Made-in-Pakistan brands need an incentive policy to grow: FBATI President

Author: pr

The banking regulator should introduce a low-cost financing scheme under an incentivized policy to support the expansion of made-in-Pakistan brands for substituting the inflows of imported foreign products. said President Federal B Area Association of Trade and Industry (FBATI) Syed Raza Hussain.

Discouraging the consumption of foreign brands is always on the national agenda of any progressive state; however, the bloodshed by the state of Israel against Palestinian citizens in Gaza witnessed an overwhelming shift in consumers’ choices all over the Islamic world and in Pakistan as well, who now in majority prefer national brands over imported foreign items, he mentioned. He remarked that the promotion of national brands is not only a global trend in Muslim countries, but it is also a religious duty and national responsibility for all Pakistanis.

The policymakers should cash in on the trend of masses boycotting of foreign products by introducing a financing scheme, encouraging local industries to expand their local footprint to produce alternate products for domestic as well as export markets, he added.

This policy will significantly save the foreign exchange of the country, which is tantamount to a proverb: a penny saved is a penny earned. President FBATI pointed out that various local brands have reached their maximum production capacity in recent weeks, with a shortage being reported of many items in the local retail markets, such as beverages, soap, dairy products, snacks, confectionaries, detergent, cosmetics, biscuits, and various edible and wearable products, etc.

The production of these segments could be enhanced on a medium to large scale in a short span of time, provided a rationally adjusted interest rate financing scheme is introduced to facilitate local industries. He pointed out that the increasing preference of local products over imported foreign brands across the country is always favourable for macroeconomic indicators, especially when it comes to the import bill and current account deficit of the country.

According to the Pakistan Bureau of Statistics, the country’s import bill of commodities increased to $55.3 billion in the last financial year (2022-23), which stands more than 100% of our export values. It is high time that policymakers and relevant authorities chalk out a five-year import substitution plan in consultation with stakeholders’ various sectors, including businessmen and industrialists, for the crucial initiative of promoting local brands under the theme of “Be Pakistani, buy Pakistani,” Syed Raza Hussain added.

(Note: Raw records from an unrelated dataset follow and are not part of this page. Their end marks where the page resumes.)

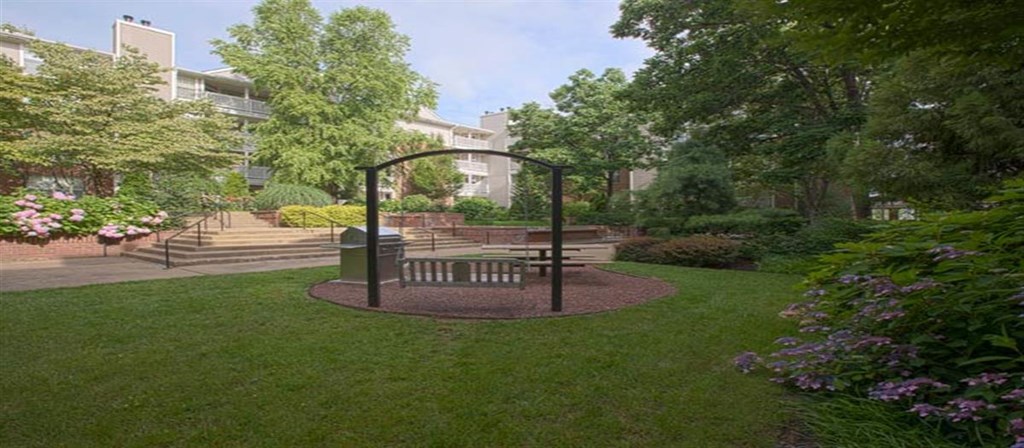 a park with a picnic table and a swing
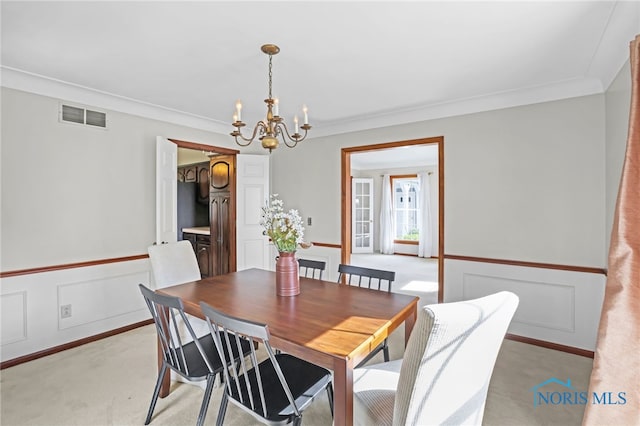 5605 Weckerly Rd, Whitehouse, OH 43571 - dining room with crown molding, light colored carpet, a chandelier, and visible vents
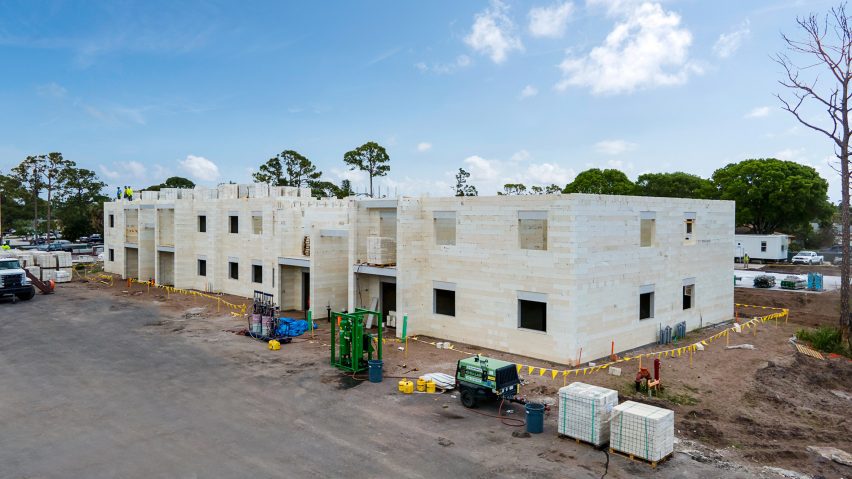 Construction of a building with bricks made of repurposed materials
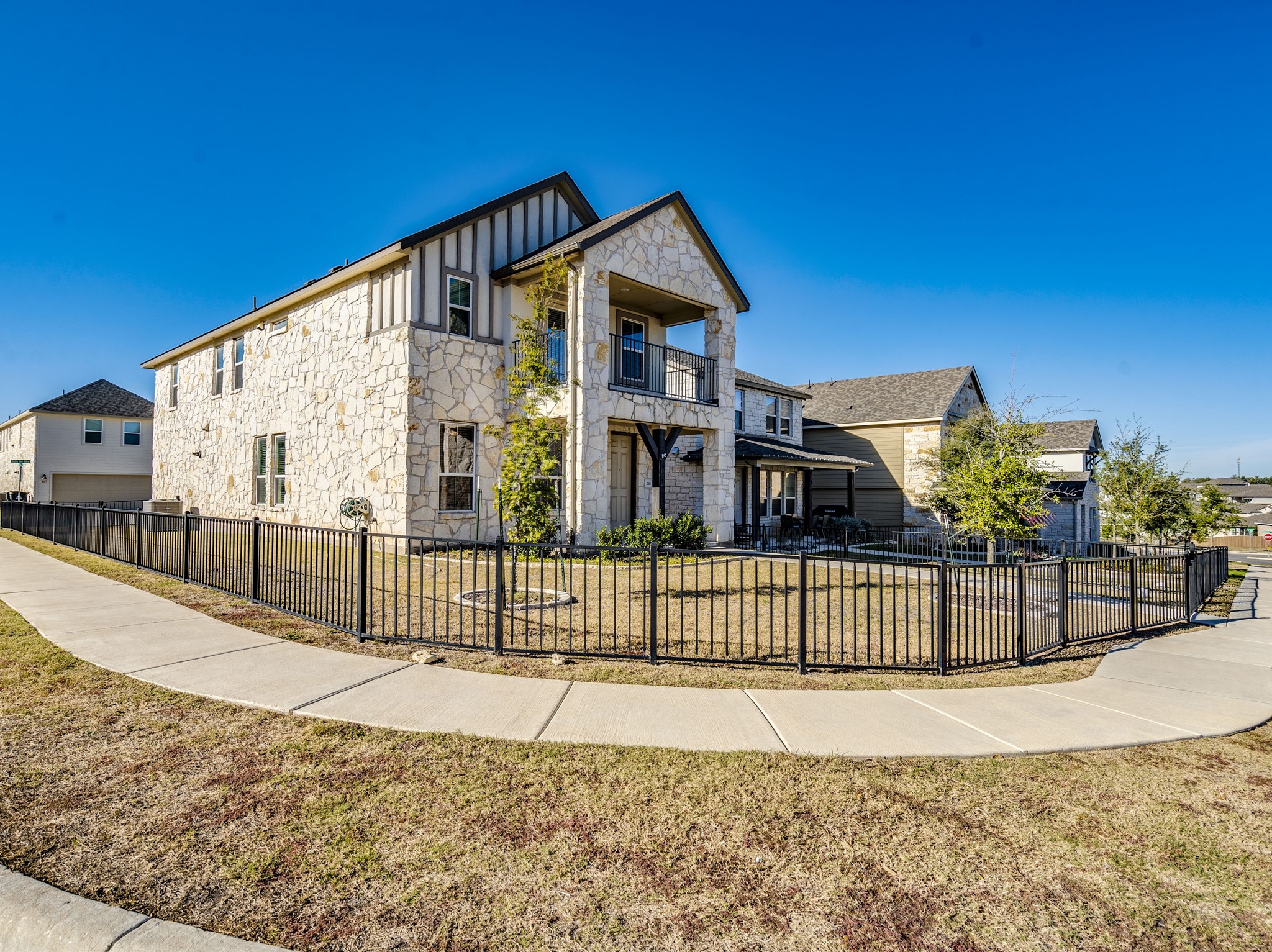 218 Glass Mountain Way Dripping Springs, TX 78620 - Photo 6 of 29 a view of a house with a wooden fence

If the country could cut down the imported trade brands by 100% in its import bill, it would save over $5.5 billion in a year. On the other hand, millions of dollars foreign exchange will also be pocketed as a result of lower profit repartition, he further said. Besides, a national-level business forum comprising various stakeholders should create awareness among the public about the importance of utilizing local brands in Pakistan. In this regard, the demand for local products will maintain stable growth in the future, and the macroeconomic goals could be significantly achieved along with fruitful and sustainable outcomes on a long-term basis. At the same time, Raza Hussain also urged industrialists’ community to cash in on the present demand upsurge in local brands, focusing on the enhancement of quality and standards of their products to win the customers’ choice permanently against foreign imported brands.

The State Bank of Pakistan (SBP) should come up with a low-cost financing scheme for the construction of small, medium, and medium-large industries at 3-4 per cent for a period of 20 years. This scheme will encourage local business units to expand industrial units to produce alternate products for the consumption of local markets. He predicted that the low-cost financing scheme would develop construction activities in the industrial zones, generating economic activity, small to medium-sized businesses, jobs, and revenues for the government through direct and indirect taxes.

The construction activities will also revive growth in different allied sectors, including cement, steel, marble, paint, furniture, etc. On the other hand, it will generate employment for hundreds of skilled laborers for a longer period, promoting the expansion and growth of the local industries, and the government will also get additional revenues from taxes, President FBATI said.